Capturing the wonder and mystery of the Arctic
Do a quick image search for “Arctic” and you’ll find yourself awash in photos of craggy icebergs and dazzling crystal blue waters, of Polar bears romping across vast snow plains and the Northern Lights painting the night sky with a technicolor glow.
The mystery of this stark and stunning region entices the imagination into a climate and landscape as forbidding – and vulnerable – as any on the planet.
The austere beauty of the Arctic and the rapid ecological changes the region has seen in recent years are the inspiration for Norwegian violinist Eldbjørg Hemsing’s most recent recording, Arctic (Sony Classical). Featuring music inspired by the Arctic’s natural wonders, the recording is Hemsing’s love letter to the north and her plea to spare this region from the devastation that some portend for it.
Arctic is also a musical memoir of Hemsing’s early life in the southern Norwegian village of Valdres. There she learned about the beauty of music from her mother, a violinist, and the beauty of nature from her father, an environmental scientist. As she grew up, Hemsing often made treks north to the Arctic.
“I just completely fell in love with this region,” Hemsing said. “There’s something so magnetic and beyond powerful, where you feel like, as a human being, there is so little you can do, because nature is really the big deciding factor up in the north.”

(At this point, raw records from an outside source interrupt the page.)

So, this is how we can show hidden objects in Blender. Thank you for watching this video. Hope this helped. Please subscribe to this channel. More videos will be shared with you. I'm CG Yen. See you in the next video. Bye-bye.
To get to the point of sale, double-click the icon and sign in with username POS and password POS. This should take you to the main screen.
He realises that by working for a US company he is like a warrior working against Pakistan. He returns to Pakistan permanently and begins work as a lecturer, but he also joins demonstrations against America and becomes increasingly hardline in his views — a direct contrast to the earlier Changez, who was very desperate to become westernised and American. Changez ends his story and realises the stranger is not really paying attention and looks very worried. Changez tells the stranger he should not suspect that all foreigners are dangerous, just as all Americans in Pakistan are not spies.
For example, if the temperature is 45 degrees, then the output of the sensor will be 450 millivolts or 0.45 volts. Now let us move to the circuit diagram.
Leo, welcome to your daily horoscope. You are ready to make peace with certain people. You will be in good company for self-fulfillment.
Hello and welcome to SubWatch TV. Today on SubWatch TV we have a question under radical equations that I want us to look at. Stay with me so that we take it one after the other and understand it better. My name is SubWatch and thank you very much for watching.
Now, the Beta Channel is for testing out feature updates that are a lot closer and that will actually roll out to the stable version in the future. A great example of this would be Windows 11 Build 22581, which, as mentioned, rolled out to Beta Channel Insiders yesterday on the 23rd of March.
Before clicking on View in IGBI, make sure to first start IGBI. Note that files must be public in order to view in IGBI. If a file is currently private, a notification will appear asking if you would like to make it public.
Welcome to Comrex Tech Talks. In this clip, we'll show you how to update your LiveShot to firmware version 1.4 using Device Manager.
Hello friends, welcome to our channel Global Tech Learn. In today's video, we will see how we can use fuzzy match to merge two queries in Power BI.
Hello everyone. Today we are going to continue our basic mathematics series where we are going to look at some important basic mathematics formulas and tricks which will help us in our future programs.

Hemsing’s love of the dramatic landscape of the north is reflected in the sounds and subjects of the works on Arctic. The mesmerizing “Aurora,” “Sunrise,” and “Polar Winds” of Jacob Shea’s Arctic Suite are tone paintings of Nordic austerity and wonder. Norwegian-born Sámi composer Frode Fjellheim’s The Return of the Sun and Under the Arctic Moon are inspired by the joik, the traditional song of the Sámi people. Norwegian composer Ola Gjeilo’s Dawn is a musical sunrise as lyrically expansive as the midnight sun of Arctic summers.
The works on Arctic capture the expansive scale of the Artic region in music both cinematic and elegiac. Most of the recording’s tracks have the feel of a farewell to a landscape vanishing from the effects of human activity.
“Unfortunately it’s quite noticeable, even in the region that I am from, which is not in the Arctic but just below it,” Hemsing said of the changing ecology of her native Norway. “The tree (line) where you see trees are growing is just getting higher and higher, and the season changes, how it’s much more unpredictable in terms of how warm it is for how long, how much the snow has changed. It shows that something feels very out of balance.”
If there’s one work on Arctic that defines the message of the recording, it’s Norwegian Henning Sommerro’s Vårsøg – “Search for a New Spring.” Composed shortly before the end of World War II to a text by Norwegian poet Hans Hyldbakk, Vårsøg marvels as the newness of springtime unfolds upon the world.
“(Vårsøg) was all about the hope for peace and the hope for a new beginning,” Hemsig said, “and this piece is really important in Norway. I think if you played it for someone on the street most people would be able to say exactly what it is. It has a very big meaning, a big metaphorical meaning, and I definitely had to put it into this recording. It’s a very special piece.”